# Role of cultural anthropology in missions



## cih1355

It would be helpful for missionaries to know about different cultural practices when they go to a foreign country to proclaim the gospel of Jesus Christ. For example, missionaries in Japan would need to know that one is supposed to take off one's shoes when going inside a someone's house, that one is not supposed to wash himself inside of a bathtub, and that it is ok to make a loud slurping sound while eating noodles.

Moreover, it would be good to know which cultural practices violate biblical principles and which ones do not.


----------



## Pergamum

I hear folks say that the Bible is all we need and we don't need no stinking anthropology or social sceinces mixed with our beliefs - the Gospel is "trans-cultural" after all.


But here are a few ways in which the social sciences and anthropology prove to be helpful:

Initial screening of missionaries:  Most churches and agencies use psychological tests in addition to doctrinal tests to see how a candidate would do cross-culturally. Others use training camps where we see how candidates adjust cross-culturally to new situations. Those with anthropology are able to make transitions easier. Thus the social sciences help to see who can best adjust to cross-cultural living.

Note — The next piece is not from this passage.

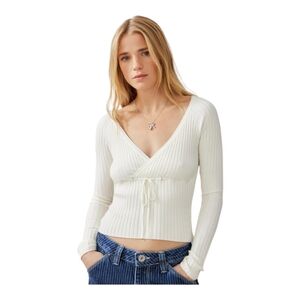 Urban Outfitters Kimchi Blue Ivory Eyelet Cropped Blouse Top Sz XS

Language learning and cultural adaptation: Those missionaries senstive to anthropological consideration can adjust better to new environments and put up with the ambiguities of a new culture much better. Also, they are received better and can form closer relationships with locals. This also aids language acquisition. As well, there is no such thing as a totally literal Bible and some anthropological grounding can help the missionary ascertain the idioms in the host culture to better translate Scripture ("My liver is happy," or "You are very cheap-hearted [which is actually a compliment since you give so easily and freely and not at a high price]"]

Contextualization and local adaptation of forms:  Standing behind a pulpit in a suit and tie in a building with a spire on it and perhaps the words, "Crusade for Christ" printed on the wall, while pounding the Bible on the pulpit would not be appreciated or received well by locals in a rural and poor Muslim setting. Sitting on a mat in a circle in a plain building and teaching in a soft voice and treating the Bible with respect would be received better in many parts of Muslim SE Asia. 

Key terms: Can you use the word "Allah" for God, Deos, Theos, Zeus, what?

Knowing how to afflict the native conscience:  Too many foreign pastor preach about their own cultures sin, but to be used by God we need to afflict the native's conscience and not preach sermons to afflict our own consciences. Know your audience is just commmon sense, and is very anthropological.


Many more reasons as well.....


I have noticed that due to the bad use of anthropology and contextualization by some, some in our tradition condemn it all and take a naive view of "We just need to get out there and preach the Gospel..." and do not account for the ethno-linguistic walls that are in front of them. Paul and the BIble shows a great deal of adaptation for the sake of the Gospel.


----------